Loretta Lynn Raves About Carole King on 50th Anniversary of Her ‘Tapestry’ Album

by Charles Craighill

As Loretta Lynn mentioned in a Twitter post earlier today, 1971 was a great year for music. In particular, Lynn raved about Carole King and her debut album, “Tapestry” which came out fifty years ago. The breakout album spent fifteen weeks at the top of Billboard’s Top 200 and solidified itself as one of the great grassroots albums in American music.

“50 years ago was a good one for great albums!” Loretta Lynn said on her Twitter post. “There is not a more brilliant songwriter than Carole King and her “Tapestry” album proves it by standing the test of time. It’s a good year for a 50th-anniversary!”
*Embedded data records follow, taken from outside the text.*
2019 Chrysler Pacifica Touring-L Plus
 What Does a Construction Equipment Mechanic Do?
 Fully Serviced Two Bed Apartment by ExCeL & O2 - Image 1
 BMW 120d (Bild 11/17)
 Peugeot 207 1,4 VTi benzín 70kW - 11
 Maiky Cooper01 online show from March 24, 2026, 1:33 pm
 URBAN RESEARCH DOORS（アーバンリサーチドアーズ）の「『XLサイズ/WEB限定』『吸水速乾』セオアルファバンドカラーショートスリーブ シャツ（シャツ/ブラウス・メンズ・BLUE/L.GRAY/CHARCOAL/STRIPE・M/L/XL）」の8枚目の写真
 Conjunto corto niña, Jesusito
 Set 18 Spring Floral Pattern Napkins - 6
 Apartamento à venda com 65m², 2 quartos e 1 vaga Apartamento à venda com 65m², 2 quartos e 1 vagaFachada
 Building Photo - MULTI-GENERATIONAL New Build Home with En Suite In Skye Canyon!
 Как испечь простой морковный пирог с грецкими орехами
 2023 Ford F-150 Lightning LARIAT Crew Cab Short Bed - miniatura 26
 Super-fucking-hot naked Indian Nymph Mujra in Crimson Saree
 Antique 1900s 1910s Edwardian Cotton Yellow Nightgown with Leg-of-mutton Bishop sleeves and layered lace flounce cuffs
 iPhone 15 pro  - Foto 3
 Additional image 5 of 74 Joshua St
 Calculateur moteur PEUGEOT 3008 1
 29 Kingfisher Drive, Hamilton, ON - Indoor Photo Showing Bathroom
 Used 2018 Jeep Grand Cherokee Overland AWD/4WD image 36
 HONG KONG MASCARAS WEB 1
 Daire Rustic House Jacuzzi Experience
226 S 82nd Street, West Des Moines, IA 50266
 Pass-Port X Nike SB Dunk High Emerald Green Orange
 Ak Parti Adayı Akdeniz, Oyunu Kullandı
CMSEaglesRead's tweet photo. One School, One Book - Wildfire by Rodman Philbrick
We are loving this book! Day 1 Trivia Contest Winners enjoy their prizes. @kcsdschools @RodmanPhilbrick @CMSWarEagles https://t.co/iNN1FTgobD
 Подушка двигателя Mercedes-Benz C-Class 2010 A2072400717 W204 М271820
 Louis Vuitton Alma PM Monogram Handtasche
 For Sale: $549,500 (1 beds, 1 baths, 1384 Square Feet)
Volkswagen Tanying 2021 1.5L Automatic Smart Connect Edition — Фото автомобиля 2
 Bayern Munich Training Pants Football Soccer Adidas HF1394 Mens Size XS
Carole King and her “Tapestry” album started to shape the landscape for singer-songwriters moving forward in the pop world. Her real-world and relatable songs landed hard among everyday Americans. This also opened doors for artists like James Taylor, who worked with her on her album, and Joni Mitchell. This Americana movement led by Carole King simply created a new avenue for songwriting. Unglamorous, underproduced, raw.

James Taylor on Carole King

James Taylor and Carole King both had hands deep into this singer-songwriter movement. In fact, they worked together on many projects, including King’s breakout “Tapestry” album.

“In a funny way, it was almost like Obama’s first presidential run,” Taylor said about Carole King gaining momentum. “When he sprinted through the campaign so quickly that the Republican dirt machine didn’t get him in their sights. People didn’t get a chance to say, ‘Oh, Carole — she doesn’t really have a singer’s voice.’ Or, ‘She’s a mother.’ Or, ‘She’s from Brooklyn.’”

“The first thing you knew about it was, here’s this incredible material,” Taylor continued. “People heard it and said, ‘Yeah, that’s for me.’ It was like a first-pitch home run.”

Both of these artists ended up performing at Joe Biden’s inauguration fifty years later. That speaks to both the timelessness and the universal relatability of their kind of music. Both of them, particularly Carole King at the time of recording “Tapestry,” were everyday humans. Unbothered and uncorrupted by fame or fabricated ideals of love and relationships.

Many famous musicians in pop, country, and other American genres sang more about the romanticized version of love and relationships and heartbreak. However, Carole King led a movement of truthfulness and honesty in songwriting. That is one of the main reasons we folks like Loretta Lynn still rave about “Tapestry” fifty years later.